#### MATERIAL SUPPLIED

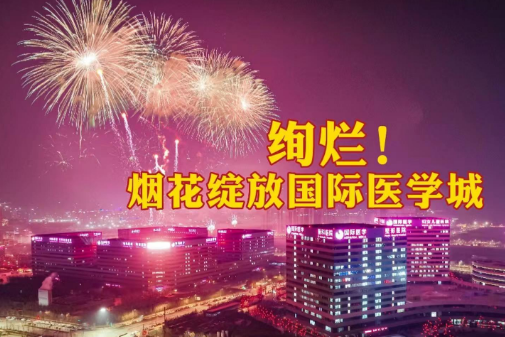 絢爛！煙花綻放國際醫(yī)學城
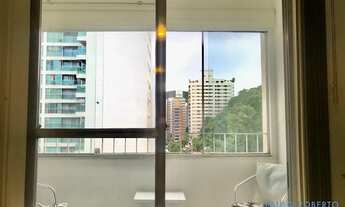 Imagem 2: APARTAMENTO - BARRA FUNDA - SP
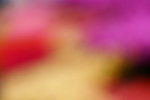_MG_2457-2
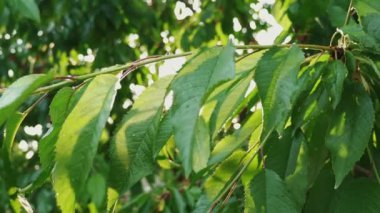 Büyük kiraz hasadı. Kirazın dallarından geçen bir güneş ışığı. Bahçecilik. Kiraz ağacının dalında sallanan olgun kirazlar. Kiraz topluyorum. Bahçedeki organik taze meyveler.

########
#### MATERIAL SUPPLIED

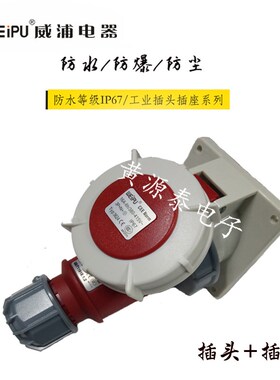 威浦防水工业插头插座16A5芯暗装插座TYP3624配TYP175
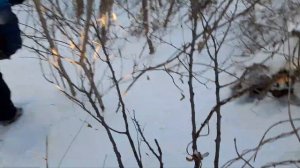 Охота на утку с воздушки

########
#### MATERIAL SUPPLIED

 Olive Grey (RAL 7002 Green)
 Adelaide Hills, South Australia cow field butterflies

########

Both boundary lines included, write out word for word only the lines above from the one containing "絢爛！煙花綻放國際醫(yī)學城" to the one containing "Büyük kiraz hasadı.", leaving out any pictures.

ANSWER SECTION:
 絢爛！煙花綻放國際醫(yī)學城
 Imagem 2: APARTAMENTO - BARRA FUNDA - SP
_MG_2457-2
 Büyük kiraz hasadı. Kirazın dallarından geçen bir güneş ışığı. Bahçecilik. Kiraz ağacının dalında sallanan olgun kirazlar. Kiraz topluyorum. Bahçedeki organik taze meyveler.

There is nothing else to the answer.